Criminal gangs operating out of a failed state with a population the size of greater Chicago captured at least 97 ships, kidnapped 600 seamen, and raised insurance rates in the Gulf of Aden last year from about $500 to as much as $20,000 for a single trip. But the solution to piracy off the coast of Somalia, according to U.S. Navy lawyers James Kraska and Brian Wilson, isn’t simply sending in a few more warships. It is nearly impossible to police 2.5 million square miles of ocean. What is needed is not only the sword but the pen—better communications, faster legal responses, and improved treaties.

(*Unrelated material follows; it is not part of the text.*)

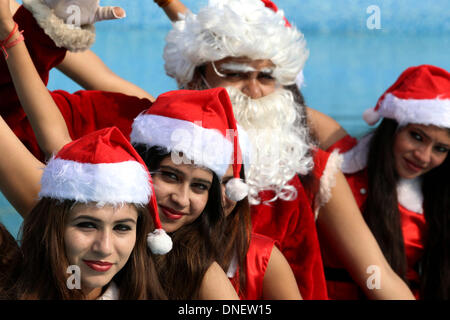 Bhopal in India. 24 dicembre, 2013. Le giovani ragazze vestite di Santa Claus costumi posano per una fotografia con "Santa Claus' durante la vigilia di Natale le celebrazioni a un parco acquatico a Bhopal in India, il 24 dicembre, 2013. Credito: Stringer/Xinhua/Alamy Live News Foto Stock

The typical vessel attacked by Somali pirates is registered in one nation (such as Greece), owned by a corporation in another nation (such as South Korea), and operated by a crew hailing from other places (such as the Philippines and Pakistan), and it is transporting cargo owned by corporations based in the United States and elsewhere. Chances are that the protective vessel that foils the attack will be from yet another country (such as India or Denmark), or be manned by a private military security contractor (such as Blackwater, based in North Carolina). The multiple jurisdictions blur the lines of legal responsibility for bringing suspected pirates to justice.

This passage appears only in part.